6 Shocking Ways TV Rewires Your Brain

Side note: I referenced this article in the past post ‘Brain Programming: Science of Real Self-Mind Control’. But I wanted to flesh the article out into its details for everyone to read up on here in case they were too lazy to go to the actual article and look at the points they brought. So here’s the list in full details on its own post. Because I think anyone who’s passionately involved with any show, movies, media, radio (as they all operate similarly) needs to see this.

The average American watches more than four hours of television per day (five times the amount dedicated to socialization!). It makes sense that it would change us, the same as doing anything for four hours a day changes you. Yet, it’s surprisingly hard to get people to accept this. But the science is pretty much overwhelming. Enough television rewires your brain in a bunch of unexpected ways. For instance …

#6. It Changes You, Even if You’re Too Young to Know What You’re Watching

It’s easy to assume that impressionable children can be affected by TV shows, but what about toddlers? They aren’t even aware of what’s going on around them. Besides, they don’t do a whole lot besides chew on furniture and inflate their diapers, so it’s not like they could be doing something better with their time.
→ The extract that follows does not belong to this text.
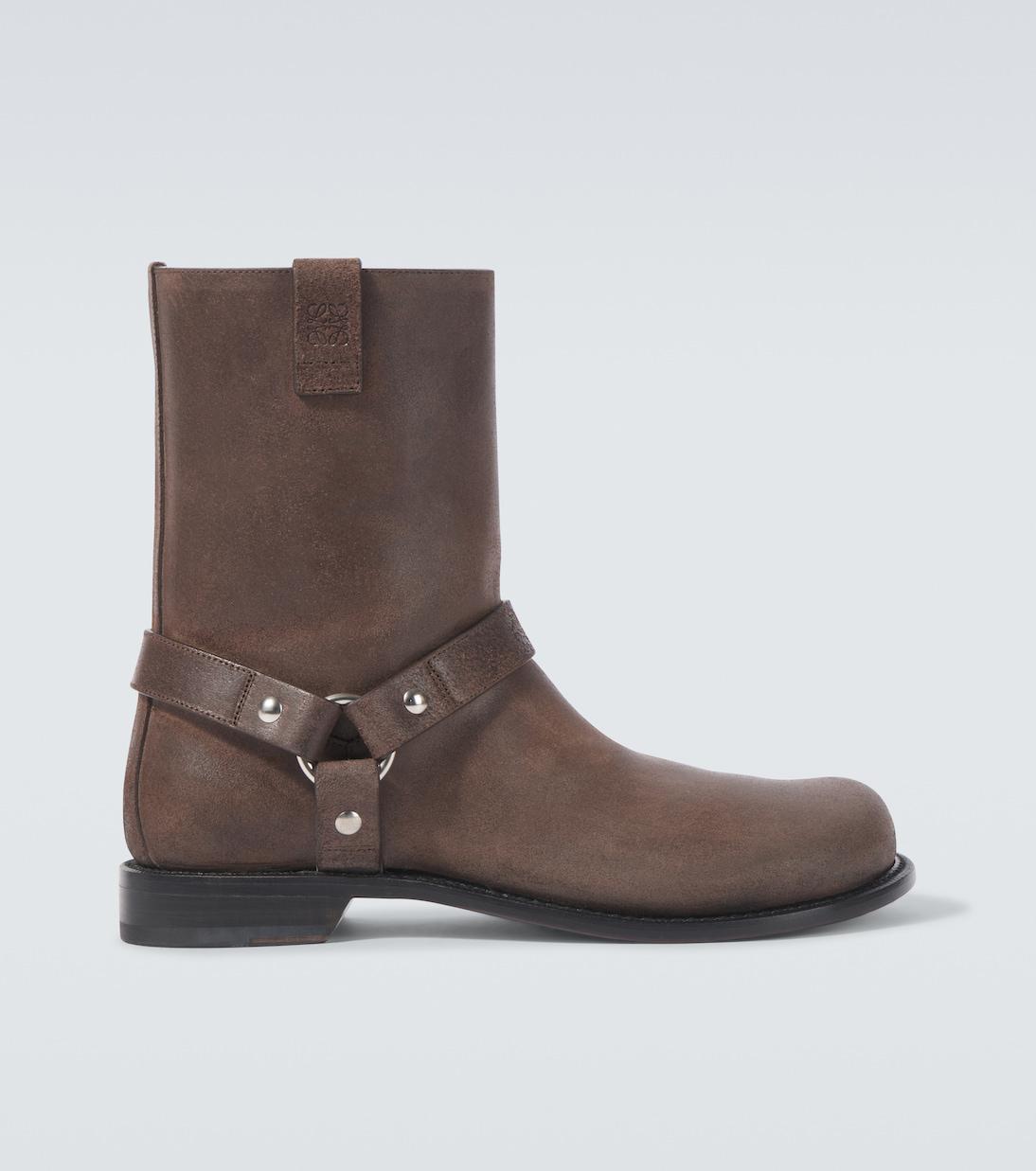 LOEWE Campo Leather Biker Boots in Brown | endource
Scientists tracked more than 1,000 29-month-old babies and their television habits and the effects of excess TV were downright startling — even after researchers accounted for all the other factors that would explain differences in behavior. The more television a child watched as a toddler, the more likely it was that he’d be fat, bullied, bad at math, inactive and prone to misbehavior in the classroom.

Again, that’s not a result of watching violent TV shows or anything else that would encourage them to do bad things. Not that a 3-year-old would be able to absorb those lessons anyway.

Nope, it’s just the act of watching television. And again, it’s not just that the type of parent who plants a kid in front of a TV all day probably also runs a bad household — the results hold up even if you account for all other factors in the kids’ upbringing.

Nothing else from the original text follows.